Exercise aim -> Having located the line with "The Use of the", repeat it and all remaining lines of the records exactly. Pictures do not belong in the answer.

(Data extracted from a collection)
----------

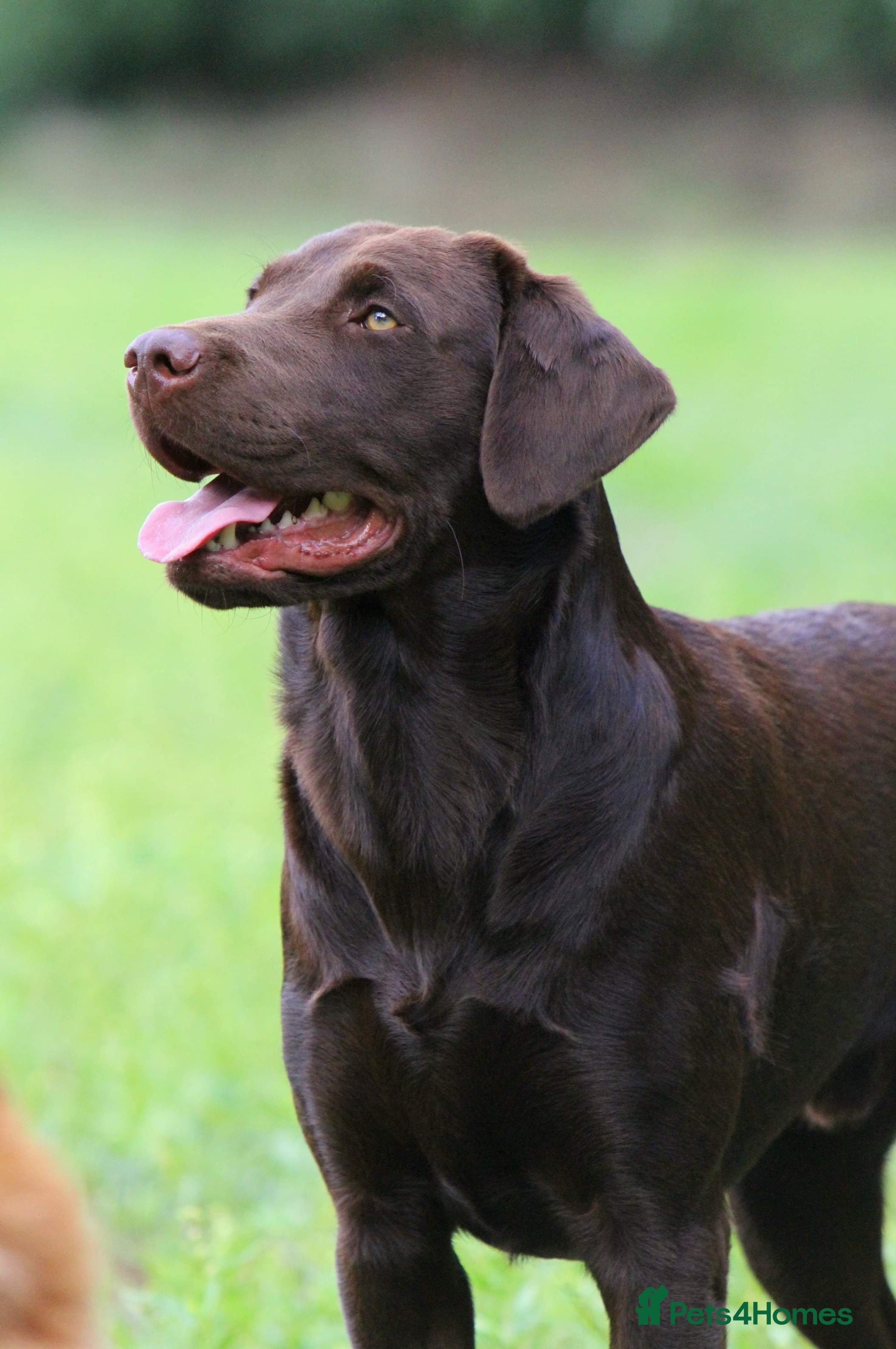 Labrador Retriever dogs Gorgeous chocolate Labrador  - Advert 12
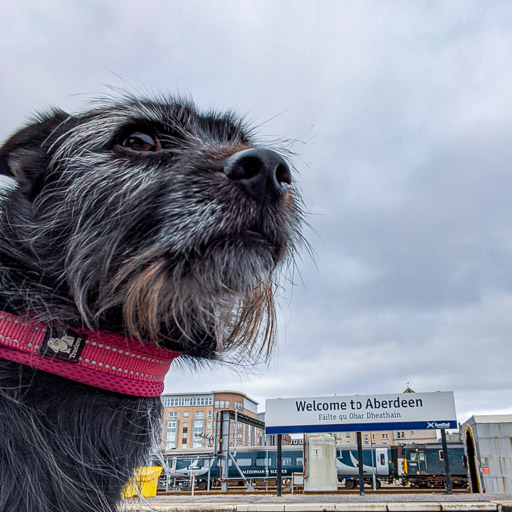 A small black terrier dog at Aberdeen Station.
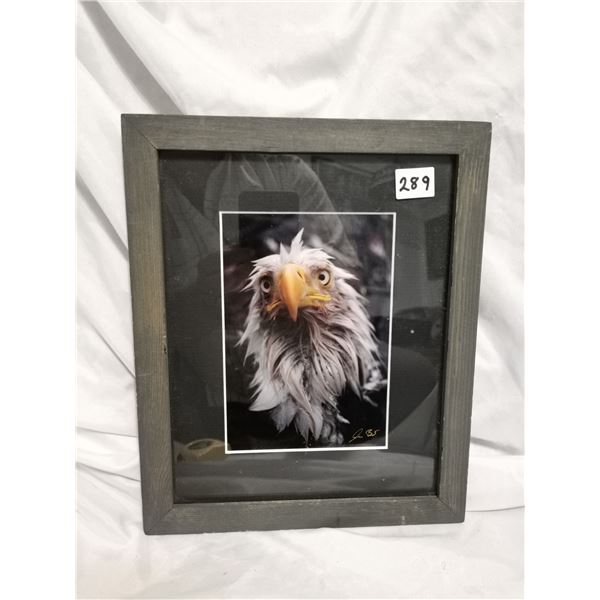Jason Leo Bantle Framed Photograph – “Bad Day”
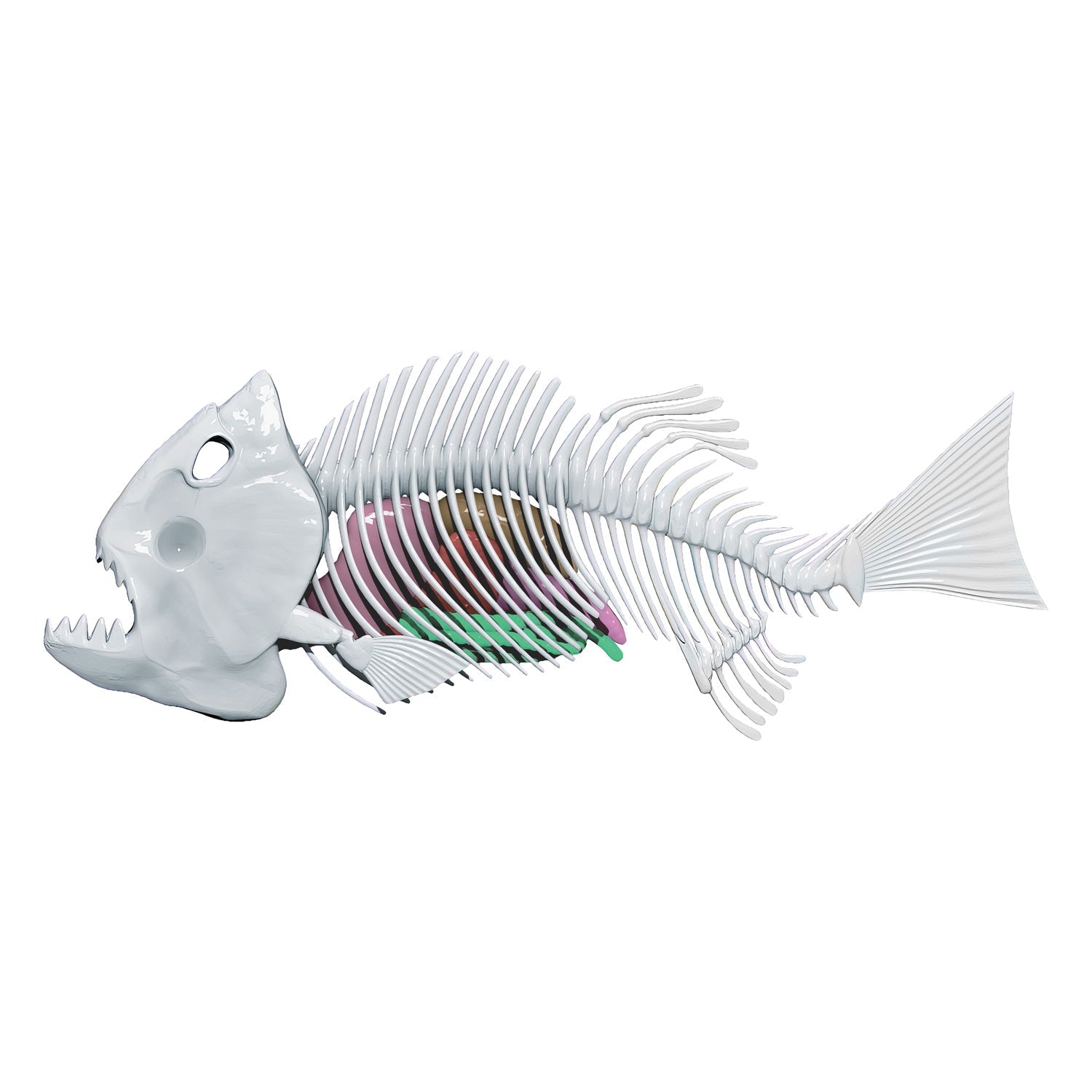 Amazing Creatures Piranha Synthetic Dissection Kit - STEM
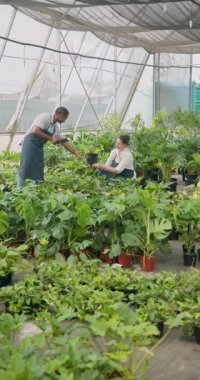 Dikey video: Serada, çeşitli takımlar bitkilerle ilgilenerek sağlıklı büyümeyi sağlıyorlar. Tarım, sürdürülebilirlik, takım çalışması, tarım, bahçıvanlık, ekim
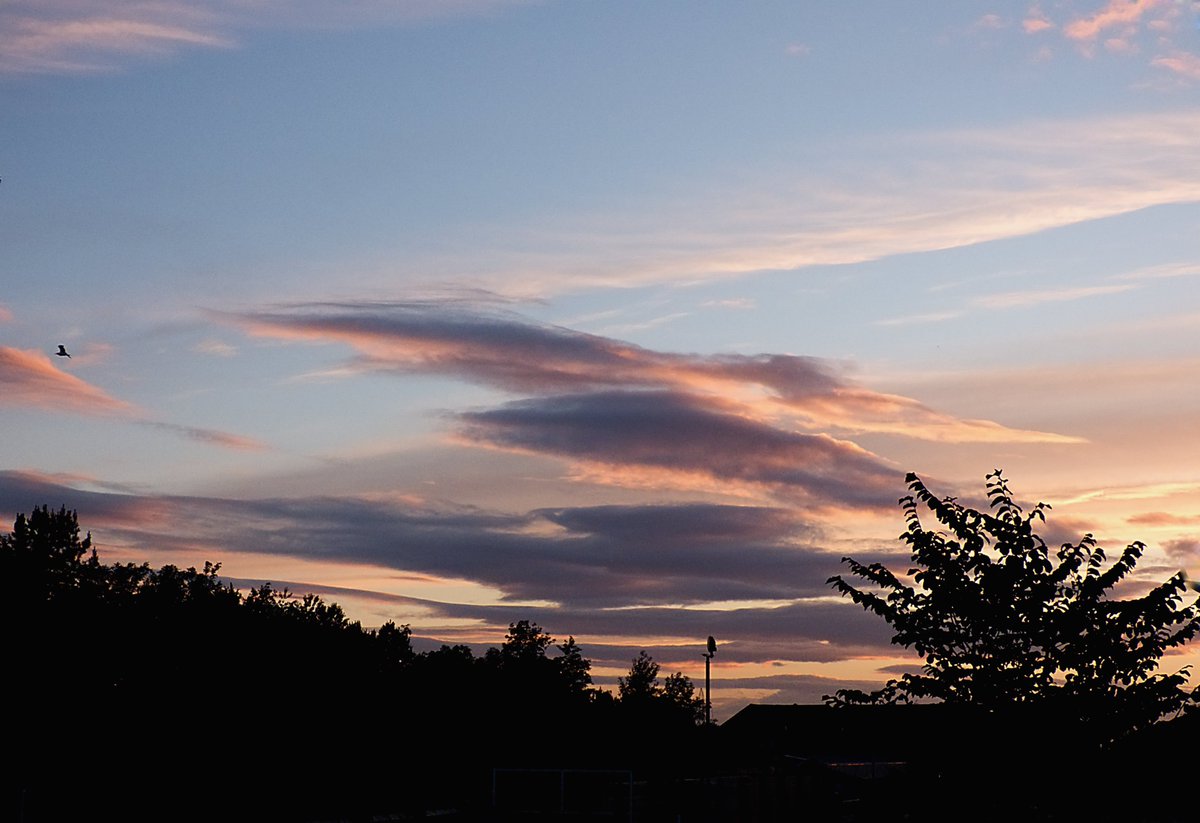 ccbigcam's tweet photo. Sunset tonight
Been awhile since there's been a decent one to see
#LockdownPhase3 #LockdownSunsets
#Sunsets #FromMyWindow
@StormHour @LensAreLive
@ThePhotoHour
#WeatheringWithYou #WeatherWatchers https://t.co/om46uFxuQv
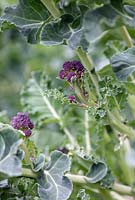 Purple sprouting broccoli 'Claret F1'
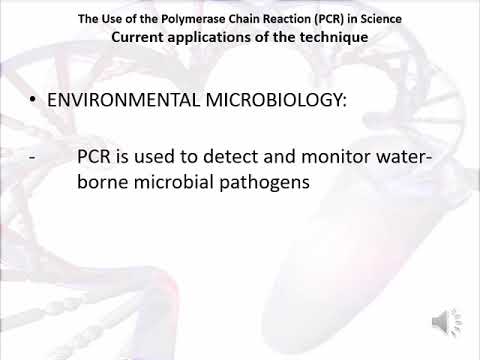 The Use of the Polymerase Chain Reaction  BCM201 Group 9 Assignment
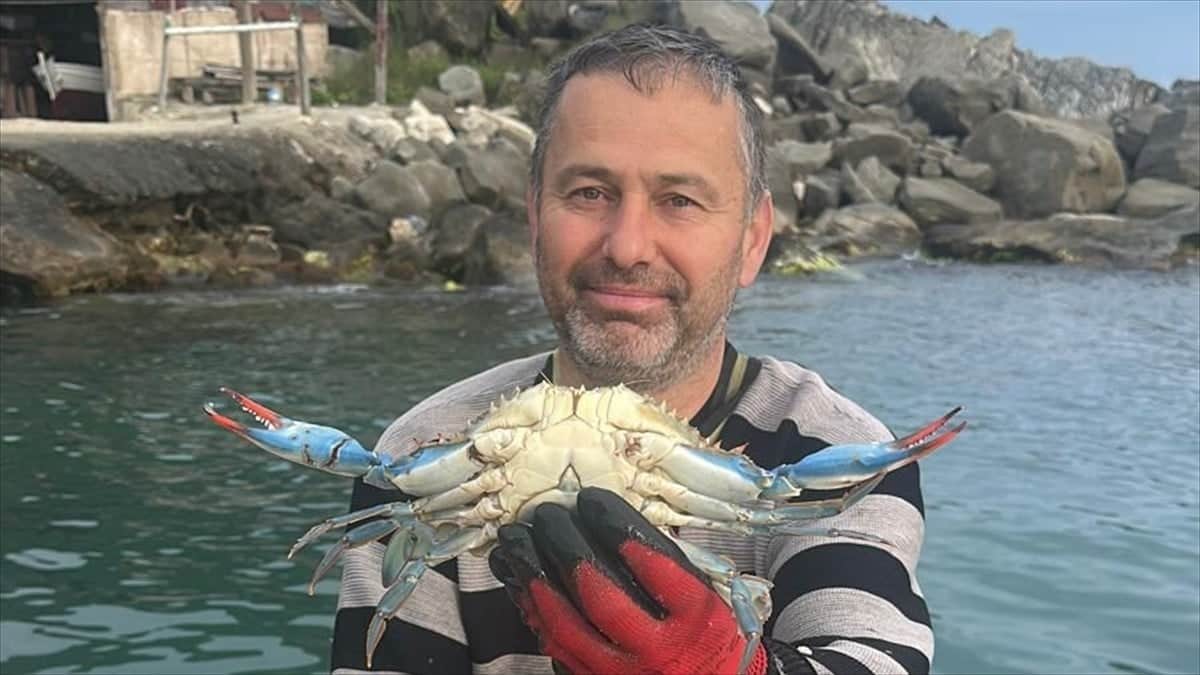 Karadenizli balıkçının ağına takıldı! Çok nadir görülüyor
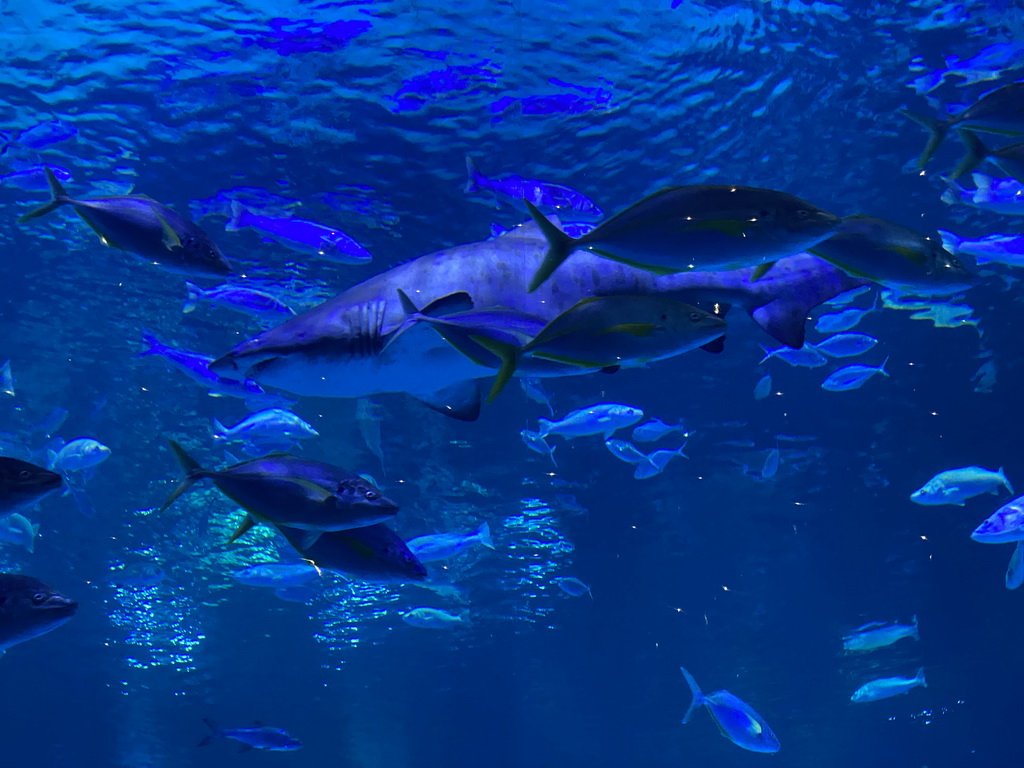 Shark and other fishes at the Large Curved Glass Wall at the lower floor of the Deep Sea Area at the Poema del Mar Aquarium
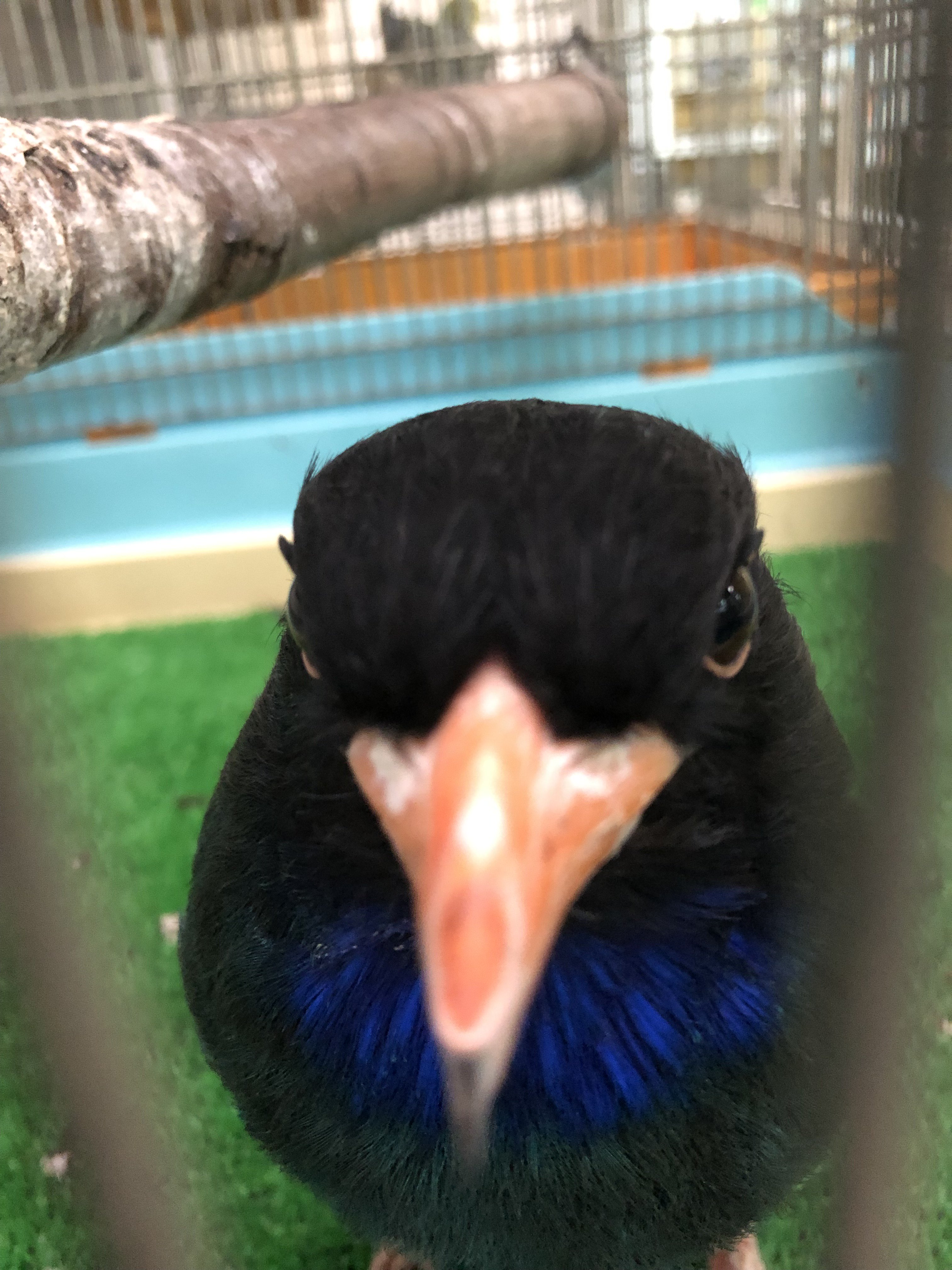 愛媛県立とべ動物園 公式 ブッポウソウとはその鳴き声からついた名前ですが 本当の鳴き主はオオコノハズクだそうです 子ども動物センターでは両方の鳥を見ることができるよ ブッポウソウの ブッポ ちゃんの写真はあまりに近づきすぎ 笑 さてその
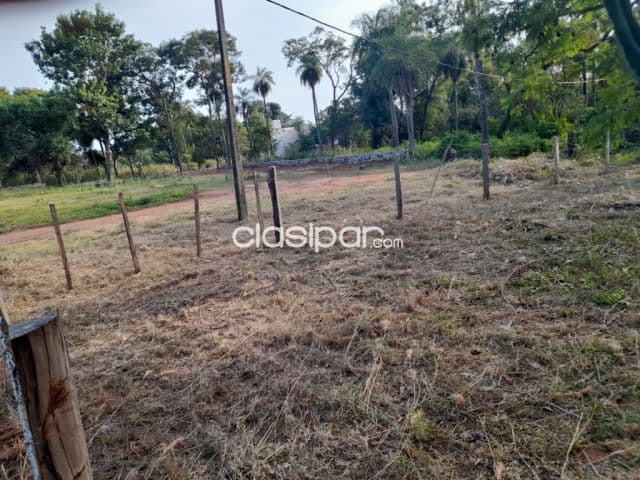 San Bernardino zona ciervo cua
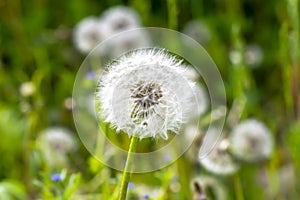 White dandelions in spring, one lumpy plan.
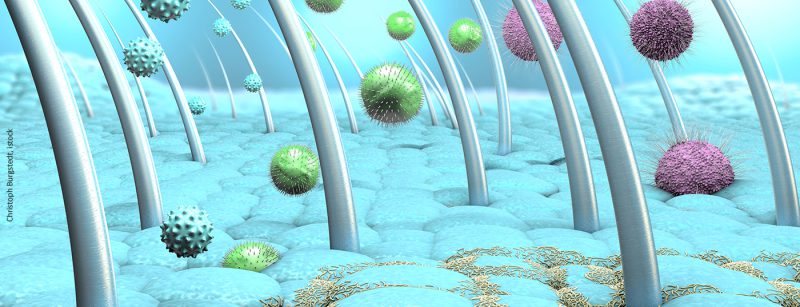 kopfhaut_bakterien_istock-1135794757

----------

Problem solution ->
 The Use of the Polymerase Chain Reaction  BCM201 Group 9 Assignment
 Karadenizli balıkçının ağına takıldı! Çok nadir görülüyor
 Shark and other fishes at the Large Curved Glass Wall at the lower floor of the Deep Sea Area at the Poema del Mar Aquarium
 愛媛県立とべ動物園 公式 ブッポウソウとはその鳴き声からついた名前ですが 本当の鳴き主はオオコノハズクだそうです 子ども動物センターでは両方の鳥を見ることができるよ ブッポウソウの ブッポ ちゃんの写真はあまりに近づきすぎ 笑 さてその
 San Bernardino zona ciervo cua
 White dandelions in spring, one lumpy plan.
 kopfhaut_bakterien_istock-1135794757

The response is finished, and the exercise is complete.